Problem statement: For every record that follows, transcribe the text exactly and leave any image out.

Captioned web image data

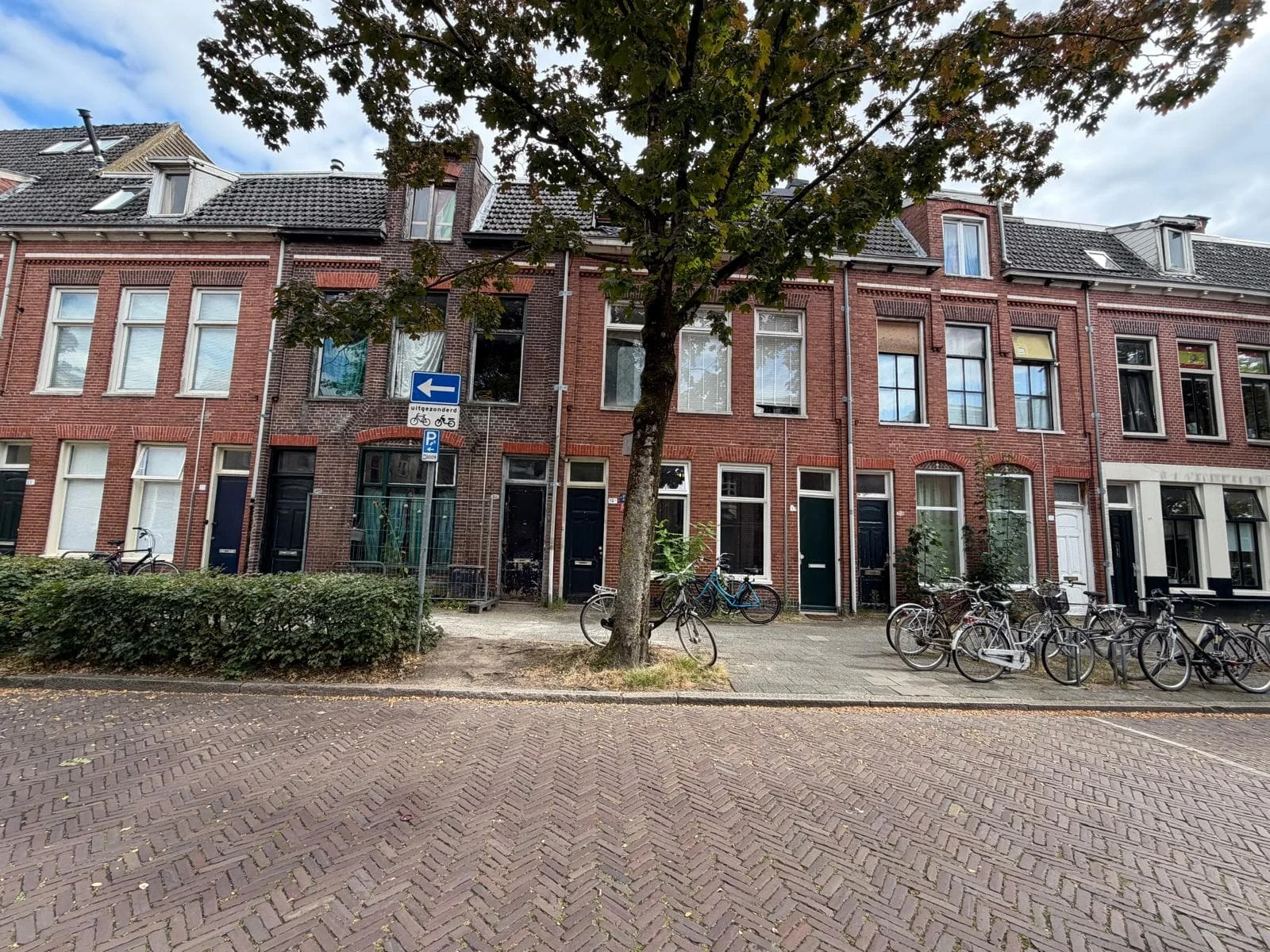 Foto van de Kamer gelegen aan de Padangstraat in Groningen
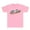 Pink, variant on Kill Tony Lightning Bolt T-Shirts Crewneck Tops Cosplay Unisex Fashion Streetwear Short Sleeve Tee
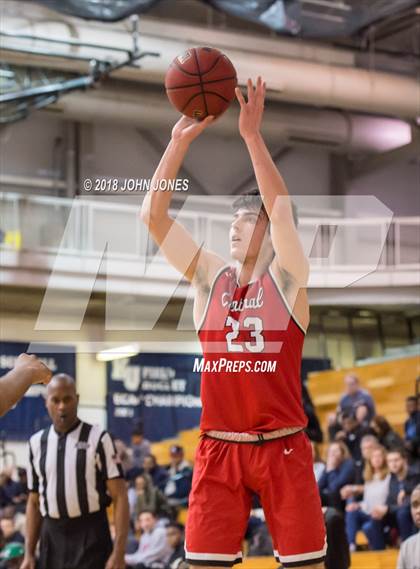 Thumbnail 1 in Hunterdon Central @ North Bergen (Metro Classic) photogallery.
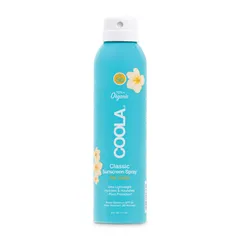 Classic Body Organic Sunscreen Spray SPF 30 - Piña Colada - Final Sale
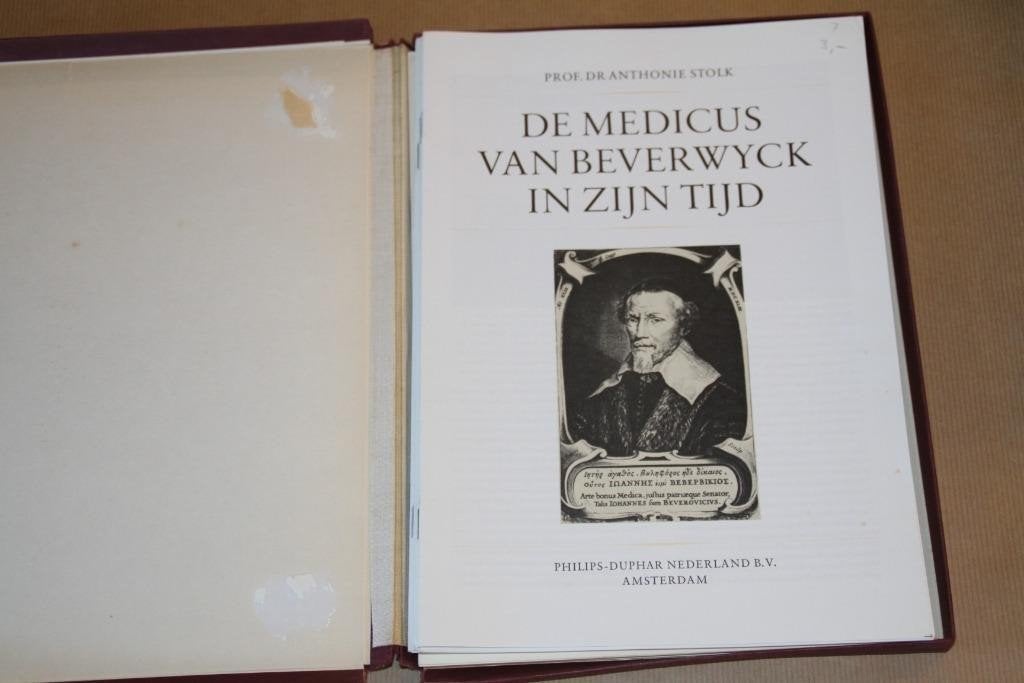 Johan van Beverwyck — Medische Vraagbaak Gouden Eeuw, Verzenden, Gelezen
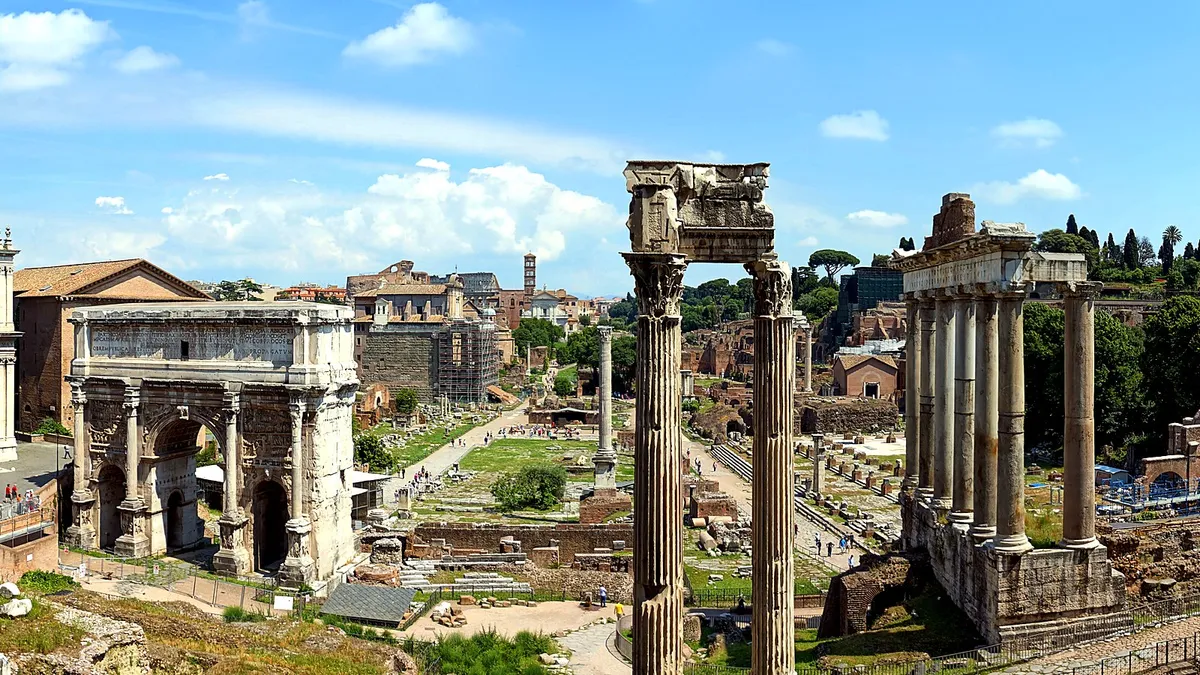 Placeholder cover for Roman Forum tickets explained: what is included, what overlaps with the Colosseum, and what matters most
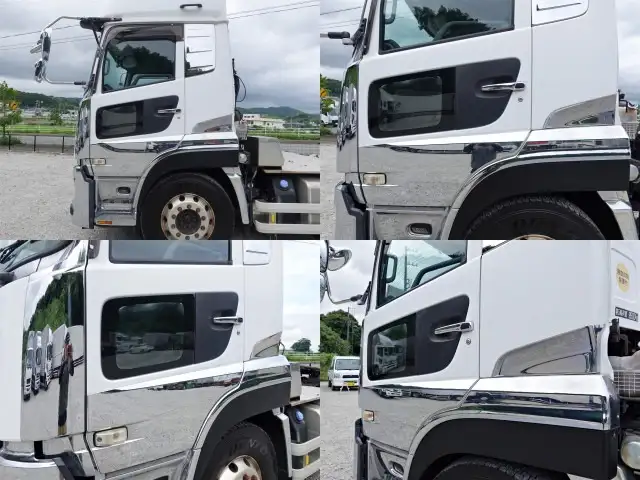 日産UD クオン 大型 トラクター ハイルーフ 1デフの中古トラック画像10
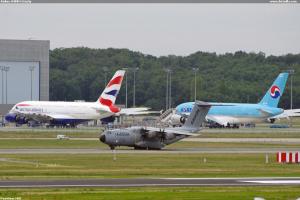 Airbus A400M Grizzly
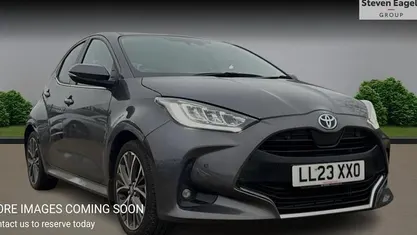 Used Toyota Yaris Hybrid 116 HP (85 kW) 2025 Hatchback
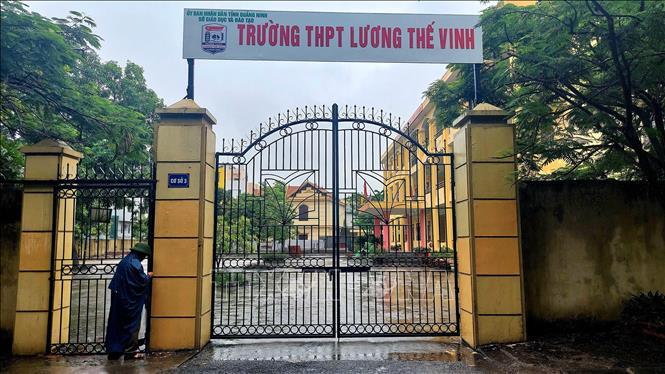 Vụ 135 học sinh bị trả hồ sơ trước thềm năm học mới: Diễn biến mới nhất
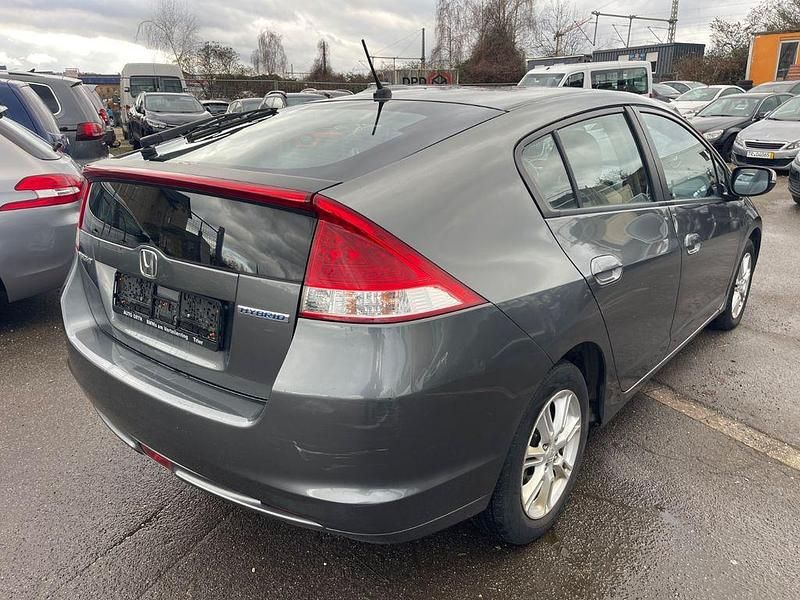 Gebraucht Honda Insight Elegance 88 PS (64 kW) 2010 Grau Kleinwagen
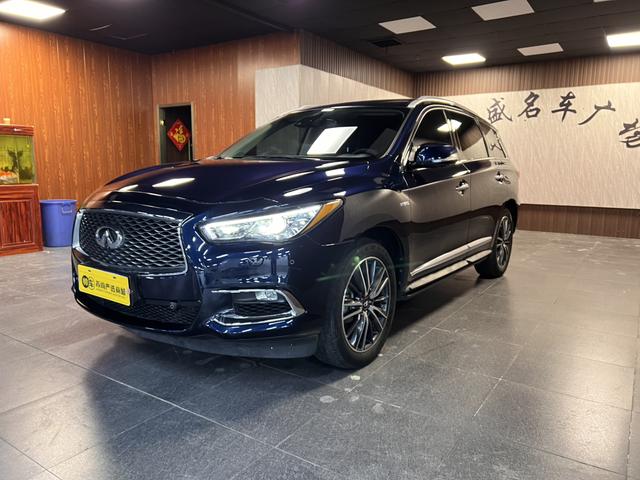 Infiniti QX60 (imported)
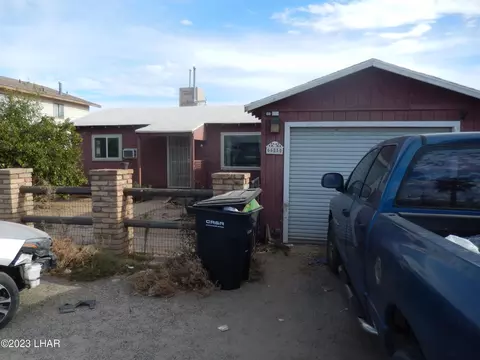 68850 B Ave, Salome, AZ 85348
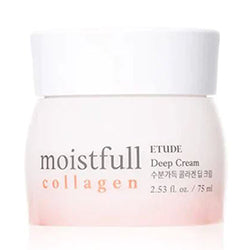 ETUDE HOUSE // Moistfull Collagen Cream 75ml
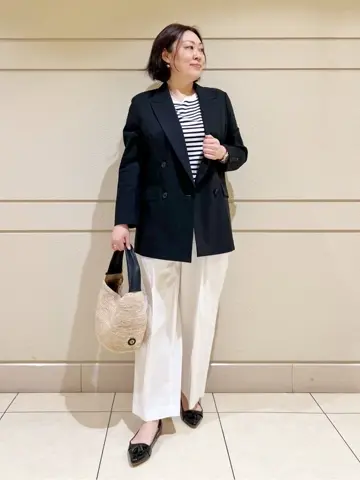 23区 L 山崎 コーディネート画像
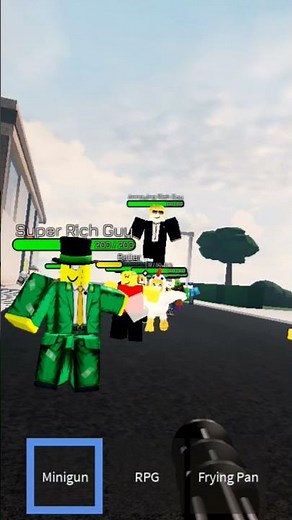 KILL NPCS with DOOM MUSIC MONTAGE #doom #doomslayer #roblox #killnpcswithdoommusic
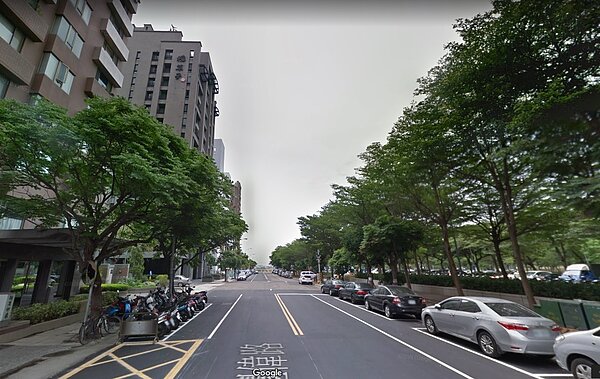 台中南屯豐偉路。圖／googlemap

Reply:
 Foto van de Kamer gelegen aan de Padangstraat in Groningen
 Pink, variant on Kill Tony Lightning Bolt T-Shirts Crewneck Tops Cosplay Unisex Fashion Streetwear Short Sleeve Tee
 Thumbnail 1 in Hunterdon Central @ North Bergen (Metro Classic) photogallery.
 Classic Body Organic Sunscreen Spray SPF 30 - Piña Colada - Final Sale
 Johan van Beverwyck — Medische Vraagbaak Gouden Eeuw, Verzenden, Gelezen
 Placeholder cover for Roman Forum tickets explained: what is included, what overlaps with the Colosseum, and what matters most
 日産UD クオン 大型 トラクター ハイルーフ 1デフの中古トラック画像10
 Airbus A400M Grizzly
 Used Toyota Yaris Hybrid 116 HP (85 kW) 2025 Hatchback
 Vụ 135 học sinh bị trả hồ sơ trước thềm năm học mới: Diễn biến mới nhất
 Gebraucht Honda Insight Elegance 88 PS (64 kW) 2010 Grau Kleinwagen
 Infiniti QX60 (imported)
 68850 B Ave, Salome, AZ 85348
 ETUDE HOUSE // Moistfull Collagen Cream 75ml
 23区 L 山崎 コーディネート画像
 KILL NPCS with DOOM MUSIC MONTAGE #doom #doomslayer #roblox #killnpcswithdoommusic
 台中南屯豐偉路。圖／googlemap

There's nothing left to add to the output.